Input:
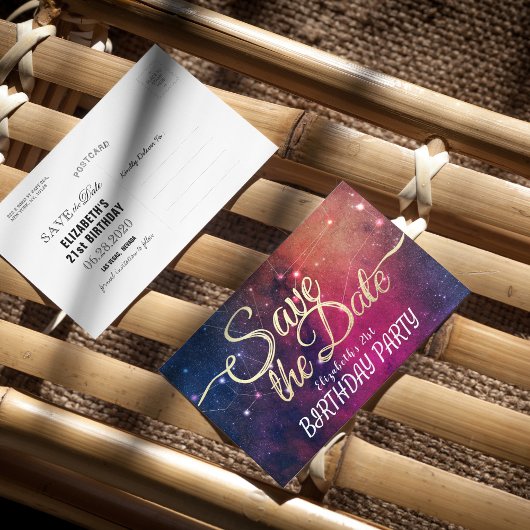 Birthday Party Save the Date Galaxy Stars Nebula Uitnodiging Briefkaart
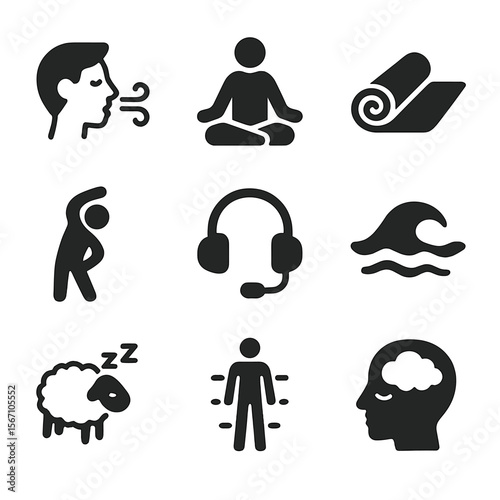 Sleep Relaxation Icons. Solid, filled icons set of relaxation techniques before sleep: breathing icon,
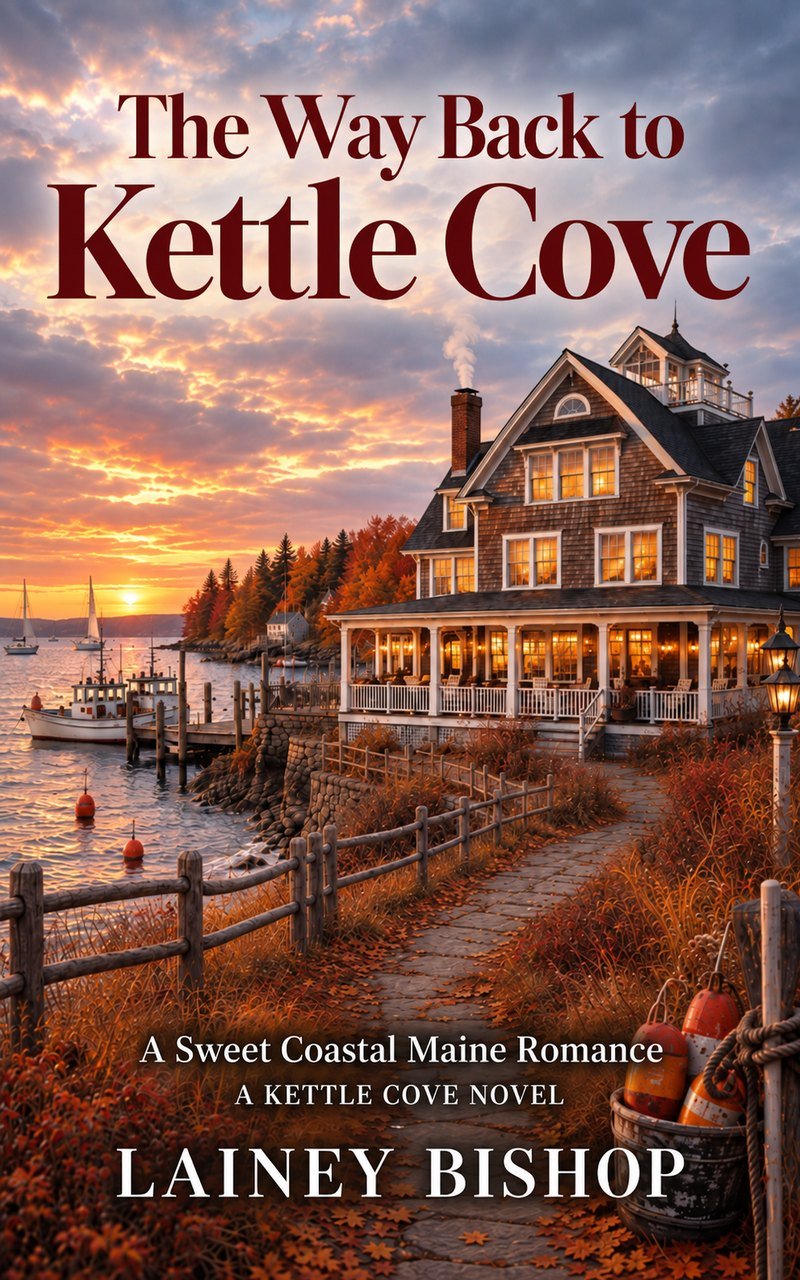 Cover of The Way Back to Kettle Cove: a shingled inn with lit windows above a Maine harbour at sunset in October.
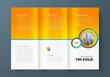 © vectorboom - Tri-fold abstract circles orange color design template cover brochure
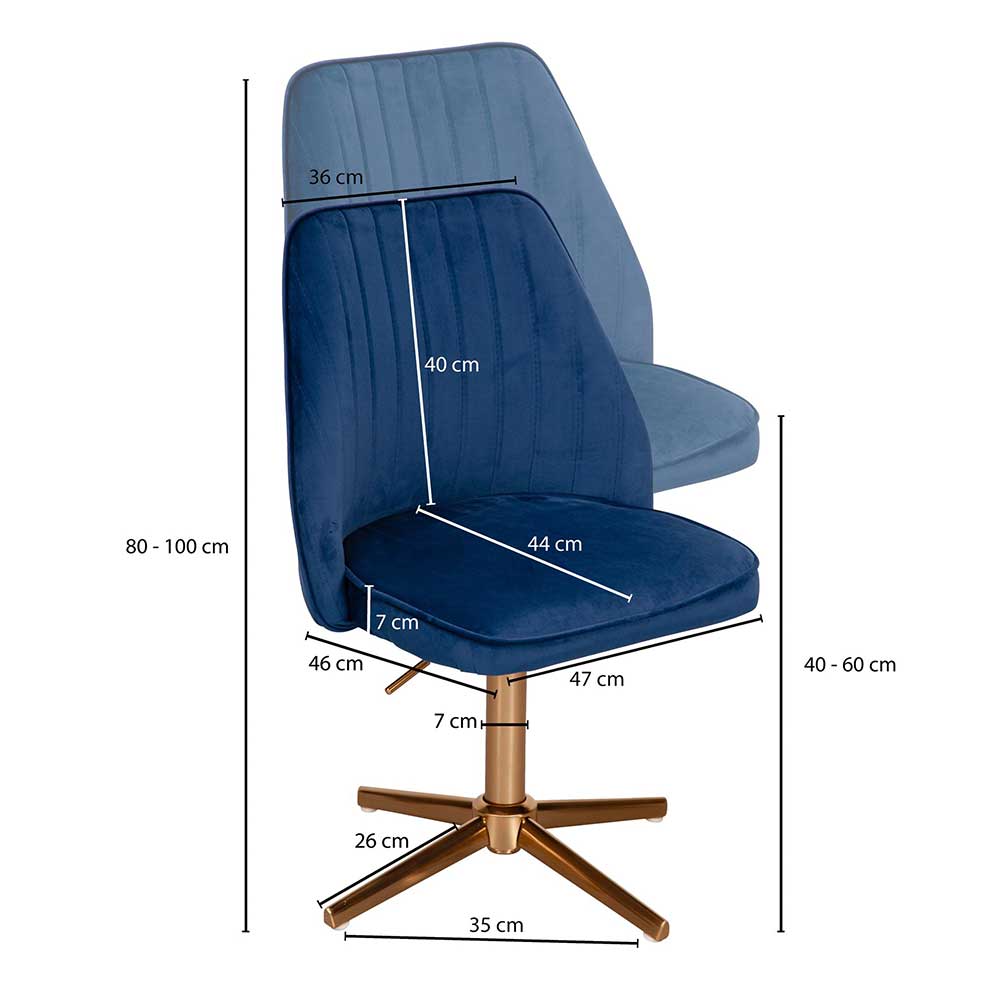 Blauer Schreibtischstuhl aus Samt - Lalita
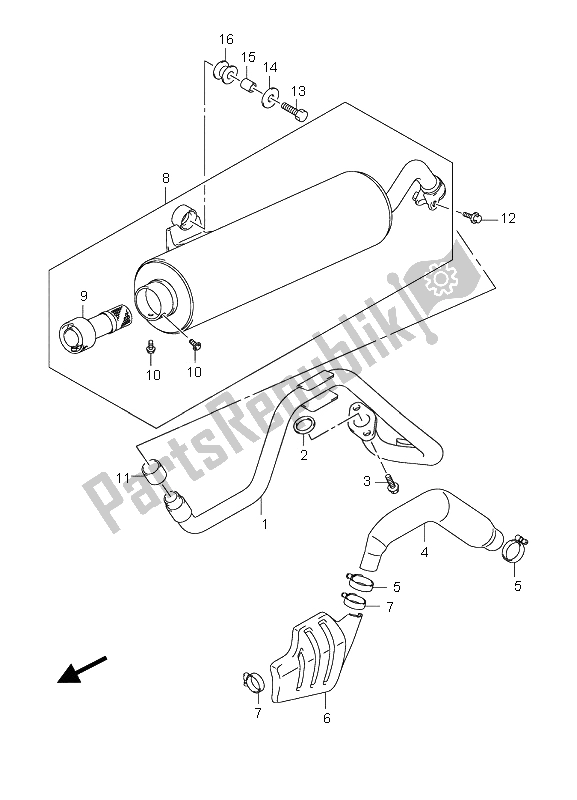 All parts for the Muffler of the Suzuki LT Z 90 4T Quadsport 2008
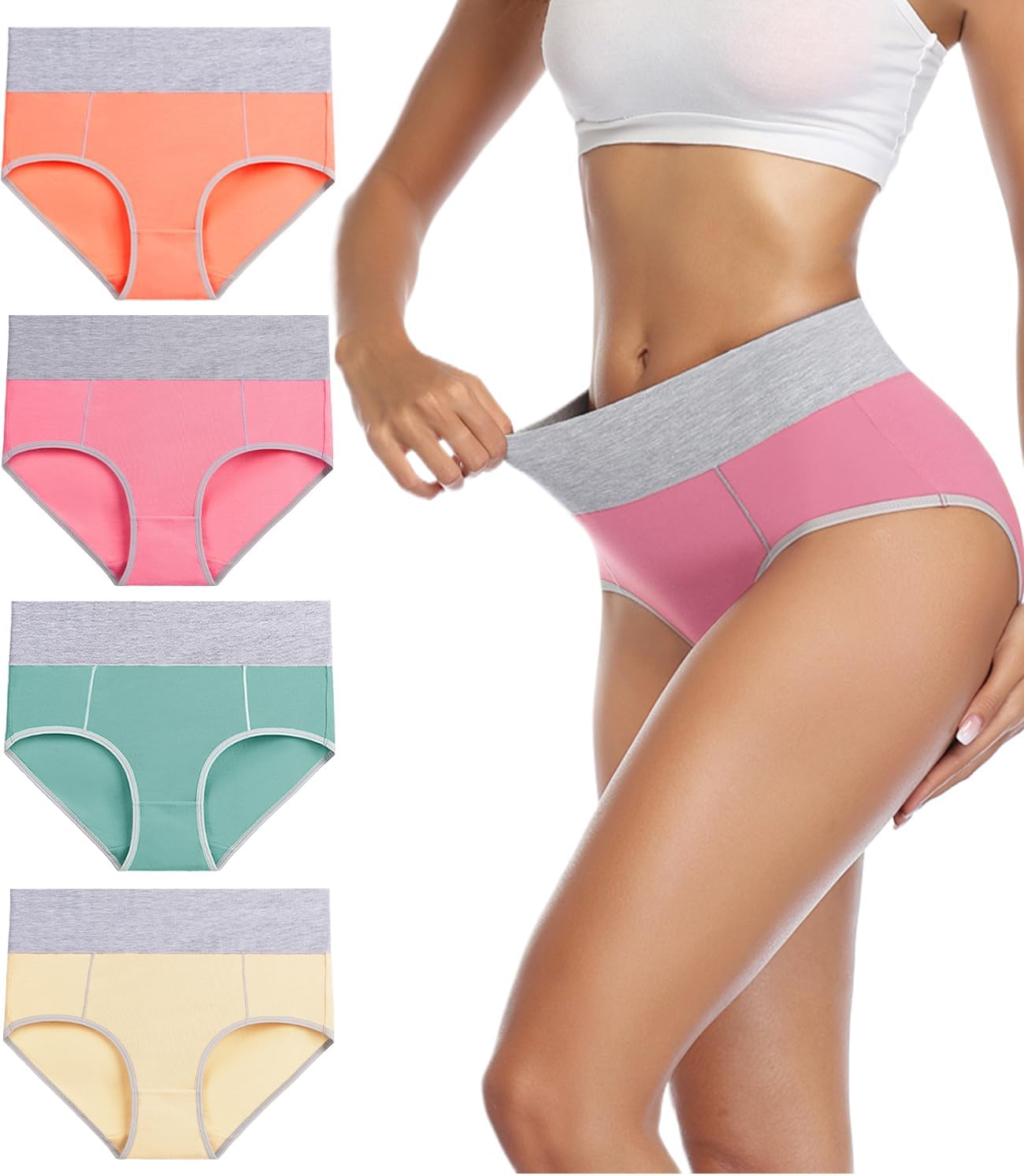 Detalle de Wirarpa Women High Waist Cotton Knickers – Full Coverage Briefs (4 Pack)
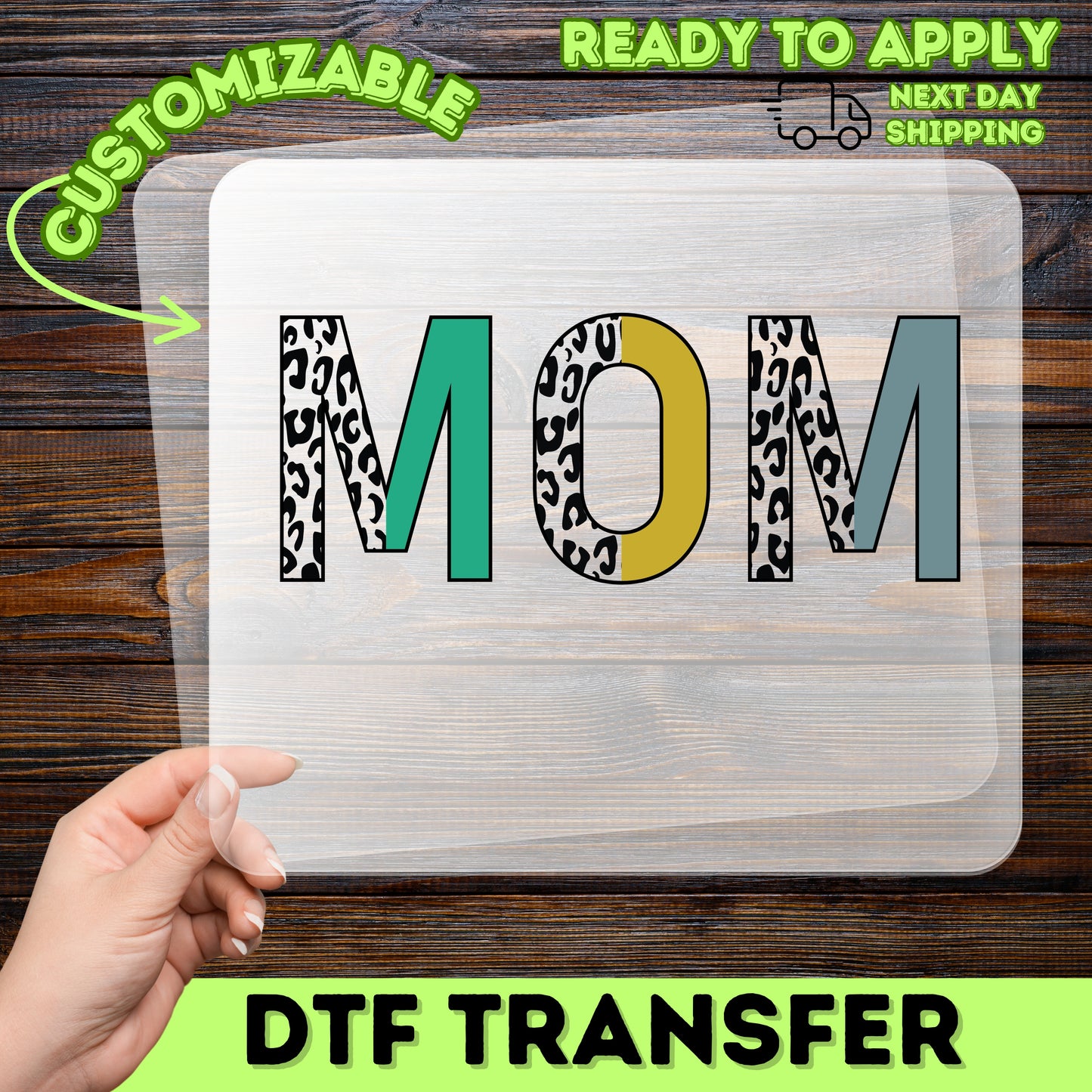 Trendy Leopard Print MOM DTF Transfer Ready to Press for Mother Apparel - Chic Fashion Gift Iron-On for Fashion-Forward Moms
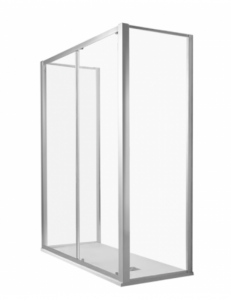 Kerasan NoLita Drzwi prysznicowe przesuwne do ścianki bocznej 160x200 cm, profile chrom szkło przejrzyste 745507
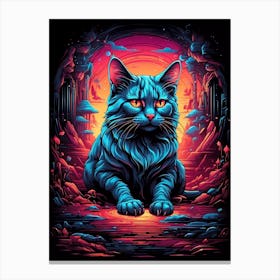 Psychedelic Cat 2 Canvas Print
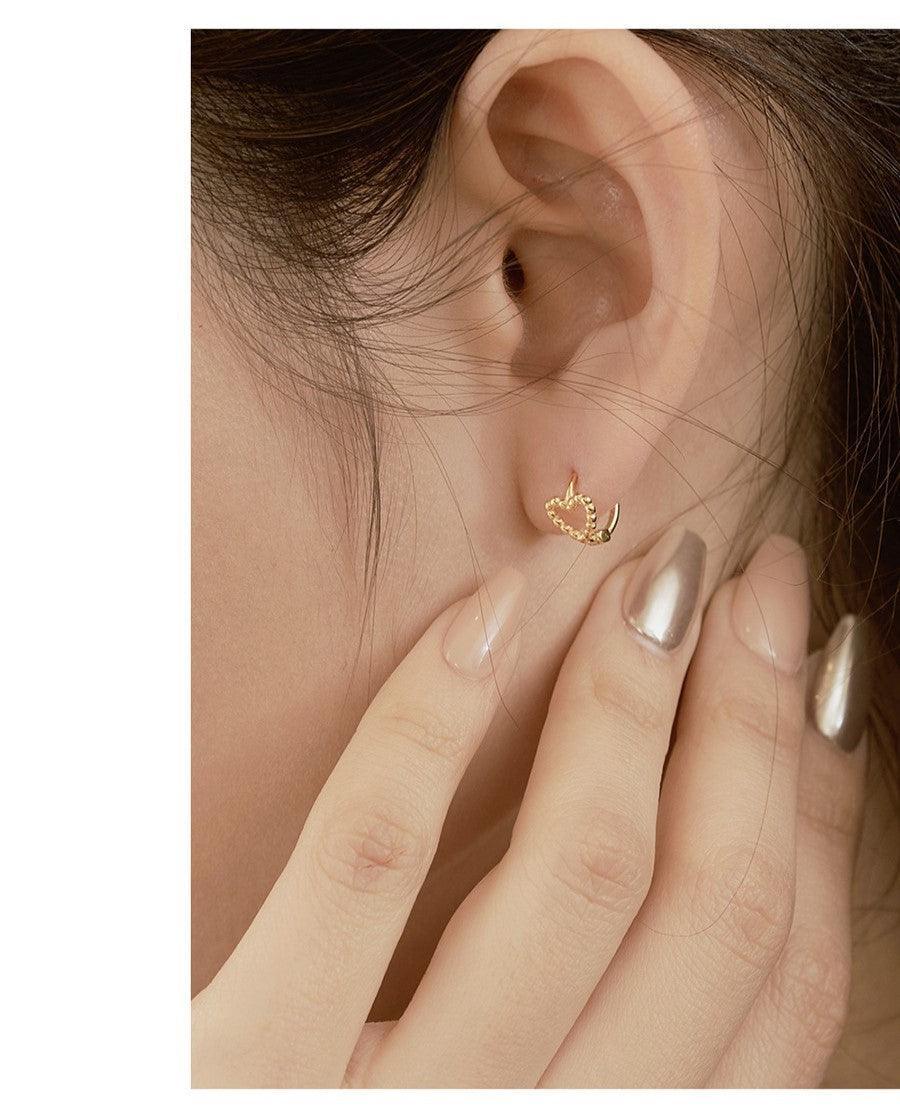 Bông Tai Wing Bling Ball And Heart Hoop Earrings - Kallos Vietnam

Exercise requirements: Although the records contain pictures, restate them word for word with those pictures left out.

Answer to the exercise:
 Birthday Party Save the Date Galaxy Stars Nebula Uitnodiging Briefkaart
 Sleep Relaxation Icons. Solid, filled icons set of relaxation techniques before sleep: breathing icon,
 Cover of The Way Back to Kettle Cove: a shingled inn with lit windows above a Maine harbour at sunset in October.
 © vectorboom - Tri-fold abstract circles orange color design template cover brochure
 Blauer Schreibtischstuhl aus Samt - Lalita
 All parts for the Muffler of the Suzuki LT Z 90 4T Quadsport 2008
 Detalle de Wirarpa Women High Waist Cotton Knickers – Full Coverage Briefs (4 Pack)
 Trendy Leopard Print MOM DTF Transfer Ready to Press for Mother Apparel - Chic Fashion Gift Iron-On for Fashion-Forward Moms
 Kerasan NoLita Drzwi prysznicowe przesuwne do ścianki bocznej 160x200 cm, profile chrom szkło przejrzyste 745507
 Psychedelic Cat 2 Canvas Print
 Bông Tai Wing Bling Ball And Heart Hoop Earrings - Kallos Vietnam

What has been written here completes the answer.